- **GOAL OF THE EXERCISE**
Go through the listing below and retype exactly the lines starting at the one with "Shure BETA87A Super" and ending at the one with "Wooden Picture Frame", skipping pictures.

- **SUPPLIED DATA**

——

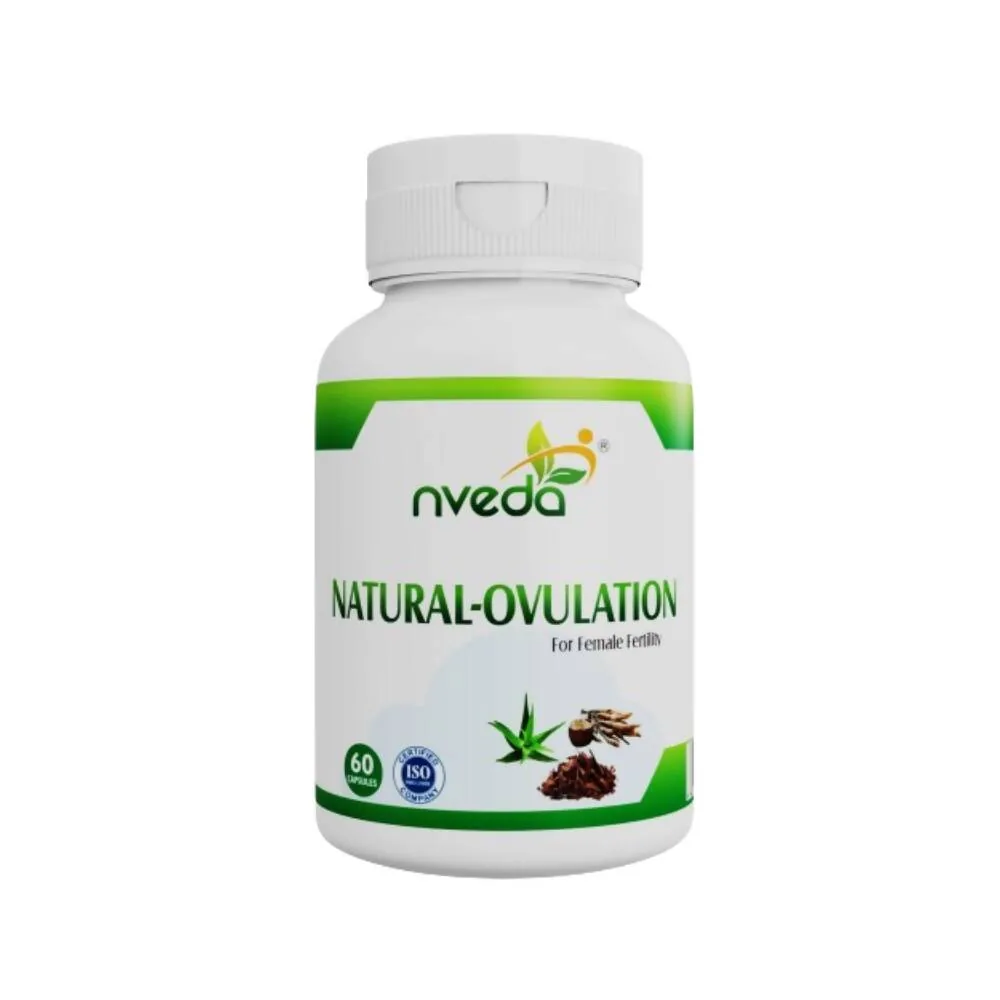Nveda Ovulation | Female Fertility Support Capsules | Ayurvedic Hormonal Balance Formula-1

——

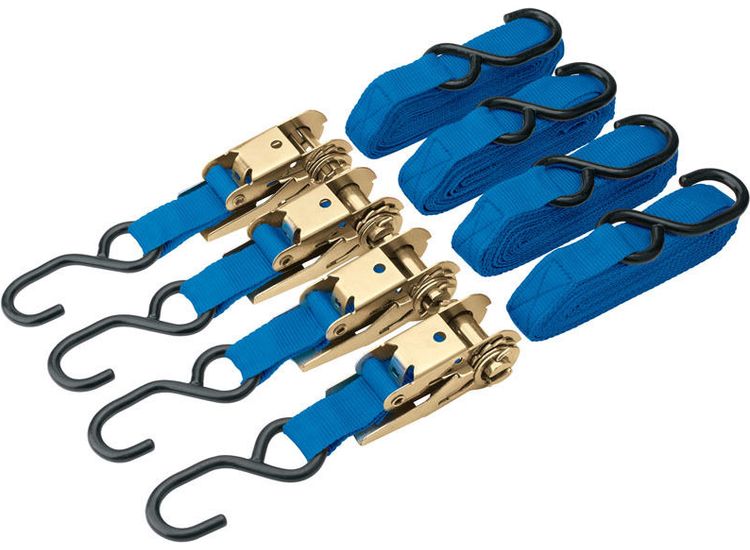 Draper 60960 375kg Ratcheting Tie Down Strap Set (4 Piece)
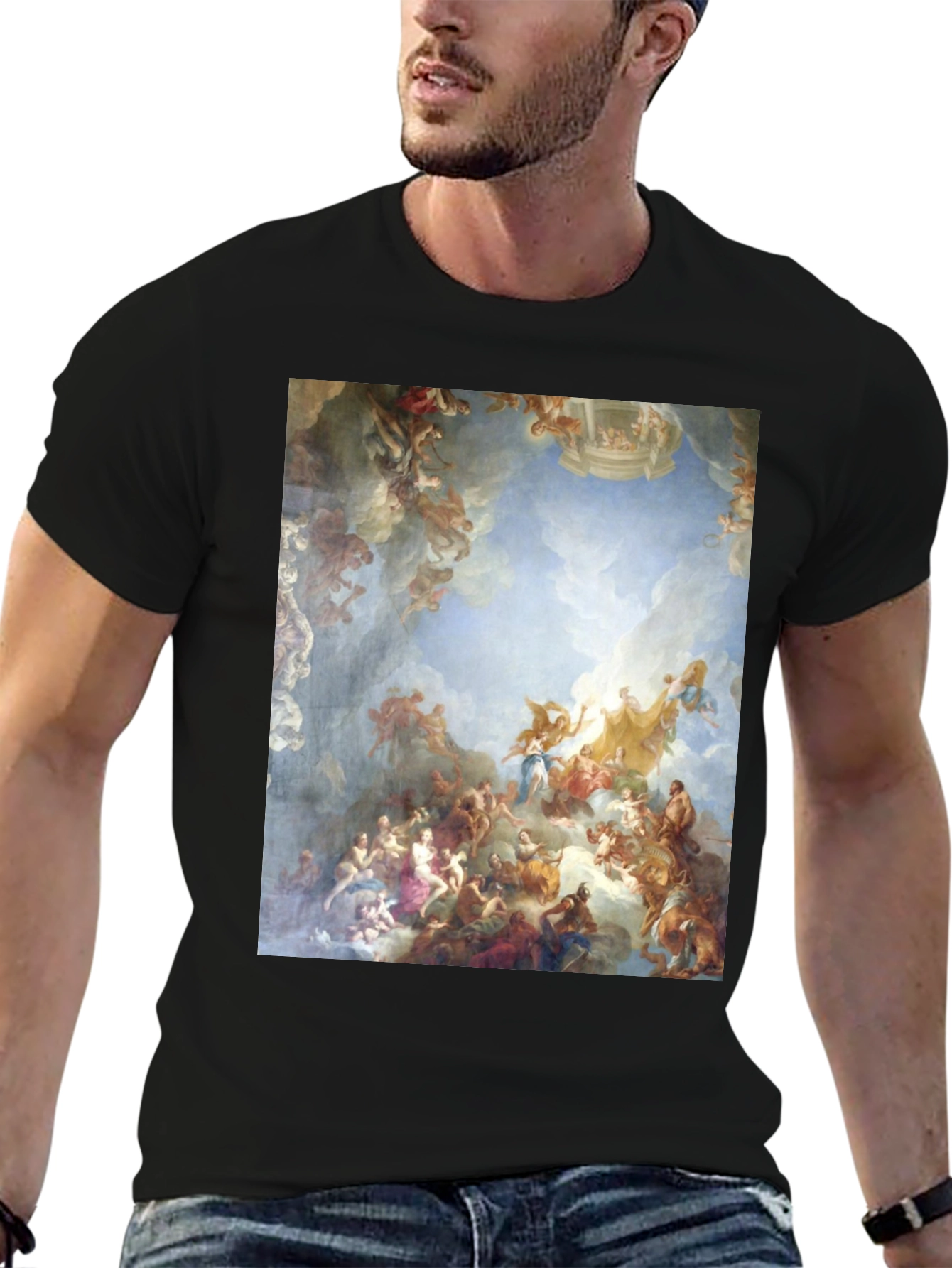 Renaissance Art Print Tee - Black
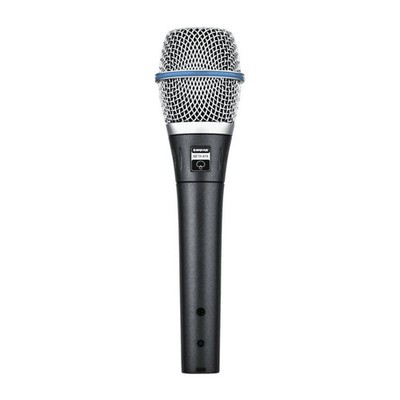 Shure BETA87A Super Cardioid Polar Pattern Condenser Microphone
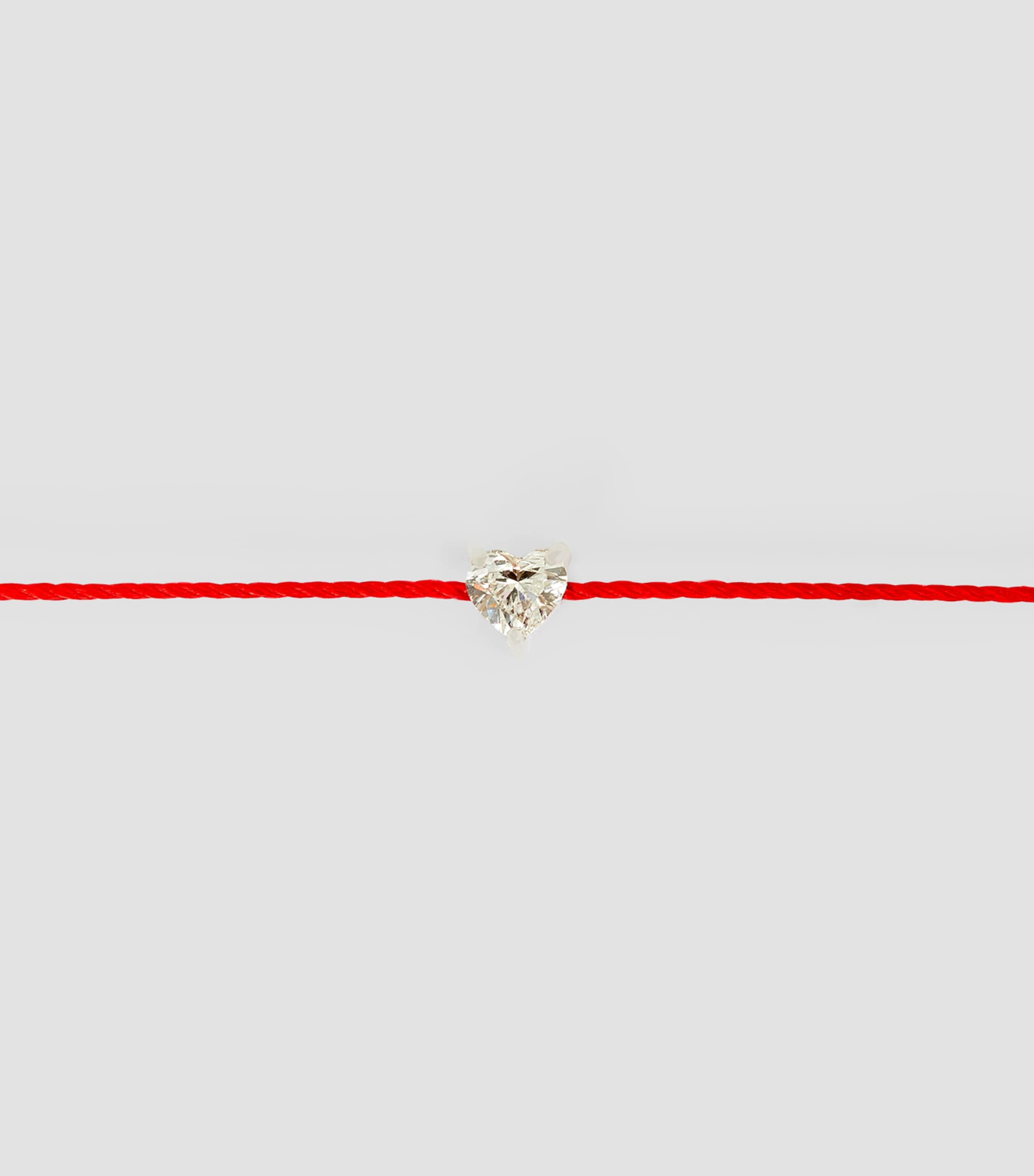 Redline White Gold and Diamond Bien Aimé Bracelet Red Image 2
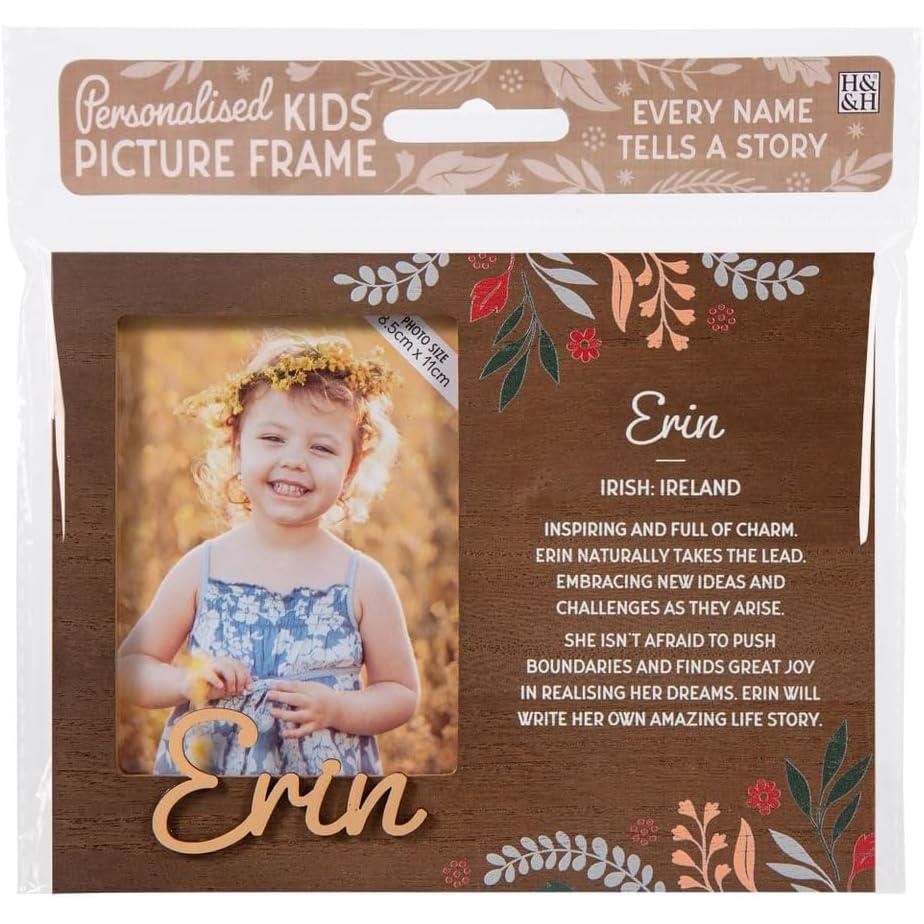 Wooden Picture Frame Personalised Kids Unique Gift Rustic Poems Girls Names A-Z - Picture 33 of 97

——

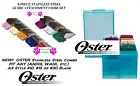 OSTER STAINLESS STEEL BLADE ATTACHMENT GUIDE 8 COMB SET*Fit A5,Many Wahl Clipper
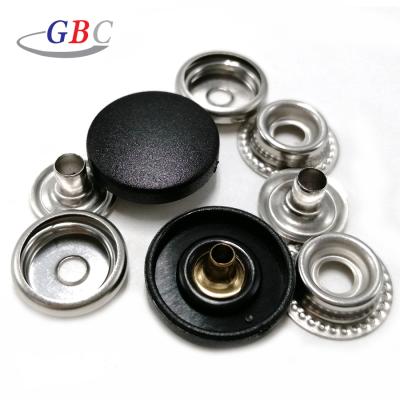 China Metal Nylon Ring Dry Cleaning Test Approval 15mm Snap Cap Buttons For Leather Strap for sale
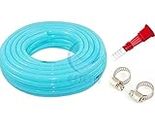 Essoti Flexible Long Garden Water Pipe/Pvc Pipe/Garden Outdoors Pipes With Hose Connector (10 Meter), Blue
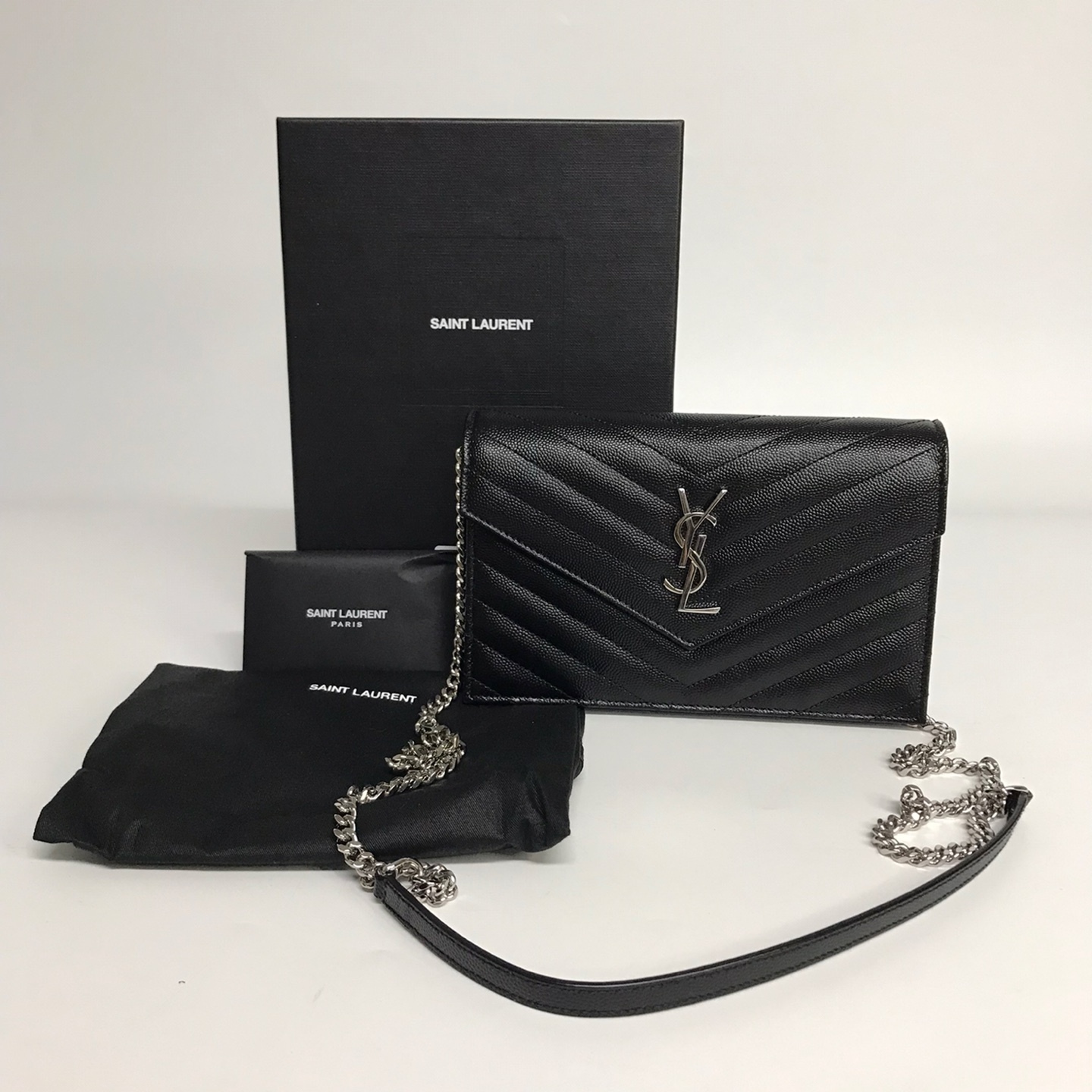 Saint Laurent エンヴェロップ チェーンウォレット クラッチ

——

- **RESULT FOR THIS EXERCISE**
 Shure BETA87A Super Cardioid Polar Pattern Condenser Microphone
 Redline White Gold and Diamond Bien Aimé Bracelet Red Image 2
 Wooden Picture Frame Personalised Kids Unique Gift Rustic Poems Girls Names A-Z - Picture 33 of 97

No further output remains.